Однако пани Раину не обескуражило ни восклицание Матрешки, ни ее бегство, ни мой понуро-угрожающий вид, она тарахтела свое, может и нарочно, чтобы отомстить за давнее, за то, что пренебрег когда-то ее женскими достоинствами, не оценил, потому что мужик, грубый и неотесанный, которому никогда не сравняться с панством пышным.
– Это пан подстароста, - тарахтела она, - для Матрегны хоть полмира наклонить готов был, будто ветку с яблоками. Крулевна моя! На все дни года, на каждый день - новый наряд, один лучше другого, богаче и драгоценнее. Она швыряла ему в лицо, топтала, не хотела его видеть, потому что надеялась, ждала, выглядывала... Но я не стану обо всем... Я мать, ясновельможный гетман, и мое сердце... Матрегна венчалась по католическому обряду. И этот брак пожизненный, как единый бог над нами. Кто может освободить от него?
– Все священники Украины благословят нас!
– Что эти священники!
– Митрополит киевский замолит грех наш.
– Достаточно ли митрополита для такого греха?
– Патриарха царьградского или иерусалимского просить буду!
– Пан Хмельницкий легкомысленно подходит к этому, а так нельзя. Матрегна должна хранить свою честь. И вести себя не как ветреная девчонка, а как пани.
– Гетманова!
– почти крикнул я.
– Я и говорю. Одежда каждый раз должна быть в соответствии с маестатом. Эти ваши казаки! Мы ничего не успели взять с собою. И зачем было нас перевозить в этот дом? Он слишком тесен и слишком простецкий для пана гетмана.
– Дворцов не имеем, - хмуро заметил я, а сам подумал: забыла ли, из какого "дворца" спас тебя в Переяславе? Не завешивала ли ты ряднами окна в казацкой хате, да не выгоняла ли мух, да не притряхивала ли земляной пол свежескошенной травой?

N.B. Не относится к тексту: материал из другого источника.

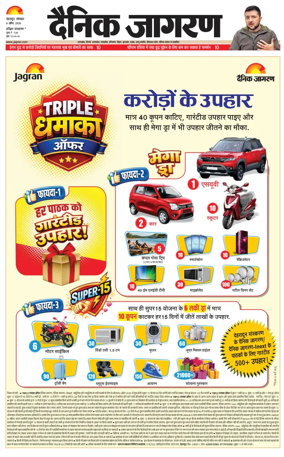 Cover of Dainik Jagran - Haridwar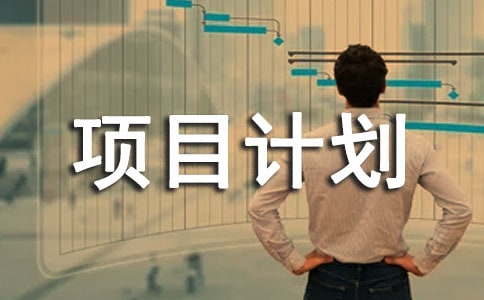 ��Ŀ�ƻ�6ƪ�����䣩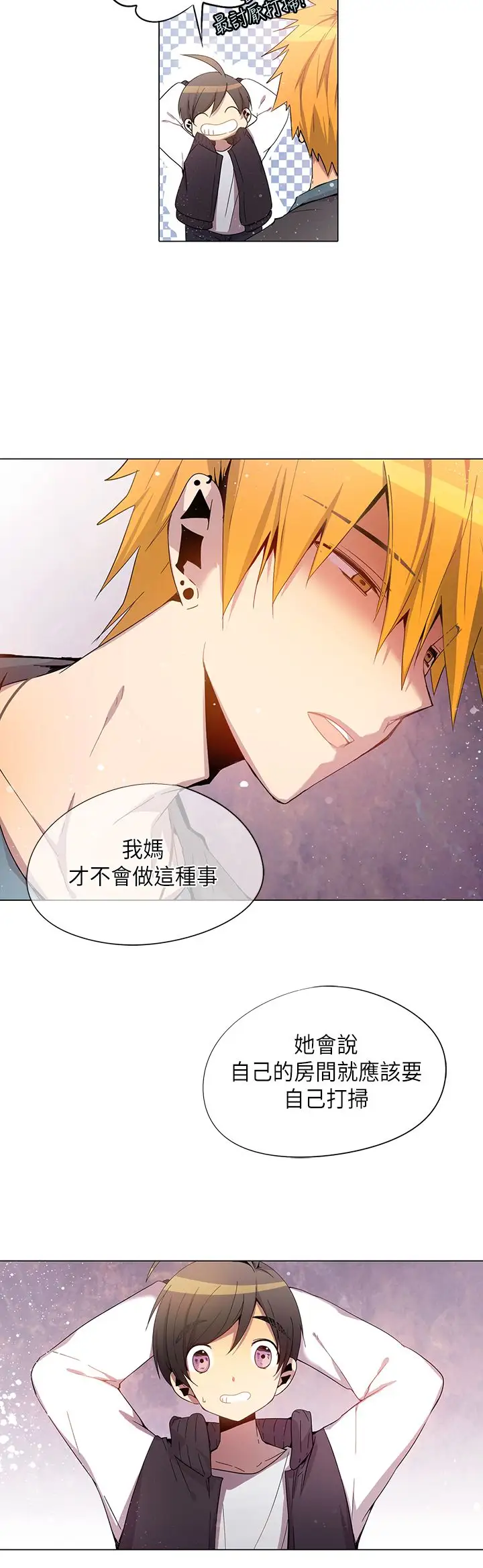 重考生也要恋爱第27话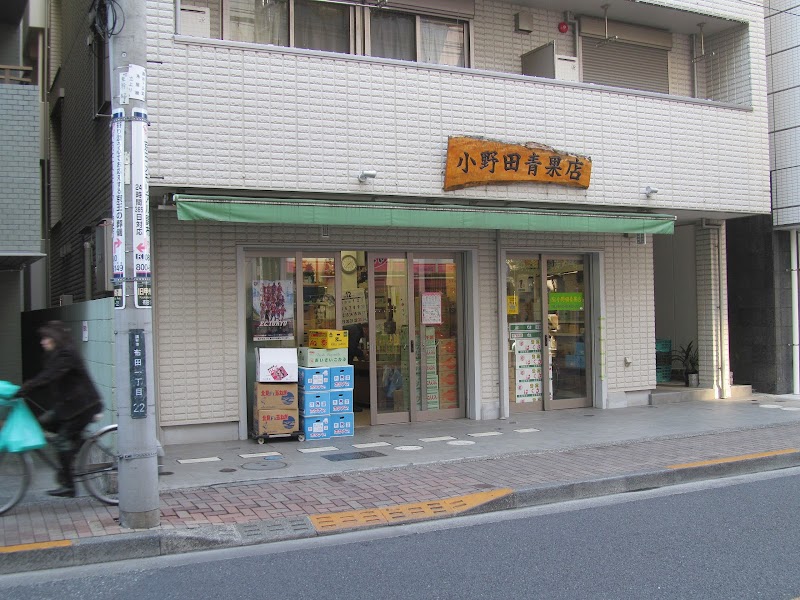 小野田青果店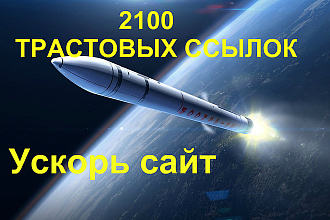 300 трастовых ссылок с тИЦ от 10 до 425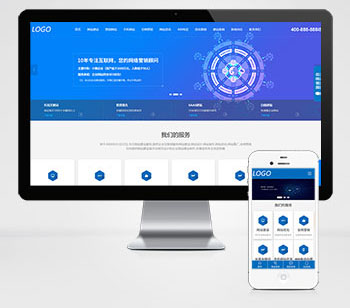 (自适应手机端)IT网络建站公司pbootcms模板 互联网营销企业网站pb源码下载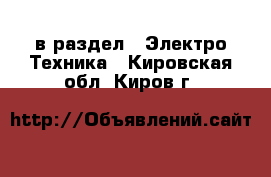  в раздел : Электро-Техника . Кировская обл.,Киров г.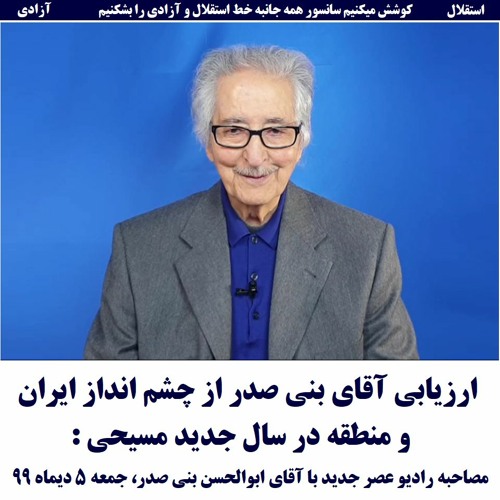 Banisadr 99-10-05=ارزیابی آقای بنی صدر از چشم انداز ایران و منطقه در سال جدید مسیحی :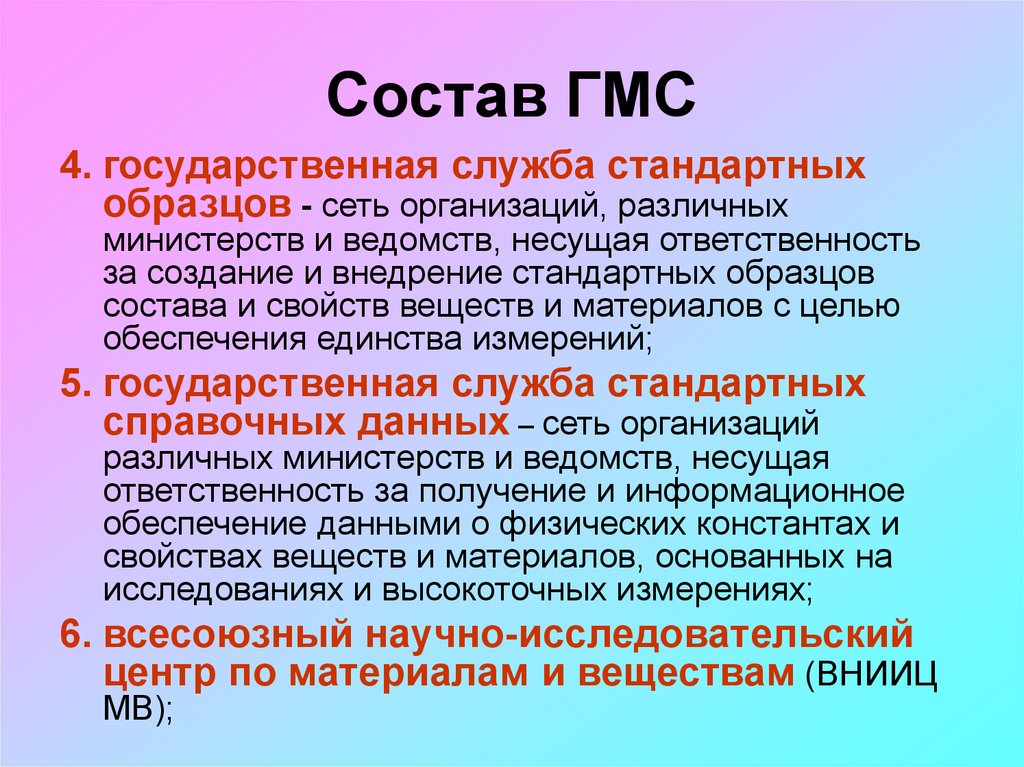 Нес организации. Состав государственной метрологической службы. Структура ГМС. Государственной службы стандартных образцов. Функции ГМС.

– Можно бы занять старостинский дворец. Он и так стоит пустым.
– И пускай стоит! Так же, как и те наряды на каждый день года - ни к чему! Казаку и одной сорочки хватит. Каждый день новое: то вверх рубцами, то вниз...
– Еще бы и в дегте, - едко добавила пани Раина.
– Может, и в дегте для здоровья.
– Но, надеюсь, пан Хмельницкий сменит свои дегтевые сорочки на чистую одежду? Я велела нагреть воды. Пахолки сейчас приготовят купель.
– Благодарю, пани Раина. Вы заботитесь, как о сыне.
Она побледнела и молча ушла от меня. Должен был теперь жить между ненавистью и любовью, и не было спасения.
Но все же, хотя и с ненавистью, пани Раина вскипятила огромнейший чугун воды с зельем, пахолки вылили воду в большое вербовое корыто - для купели пана гетмана. Очистить и омолодить хочет меня пани Раина или, может, отравить своим зельем? Опекала меня когда-то для себя, теперь будет опекать для дочери - или же для сырой земли? Никого об этом не спросишь, и никто не скажет, да и нет никого, даже Демка верного. Только чистая одежда богатая лежит на скамье горкой - позаботился мой есаул и об этом.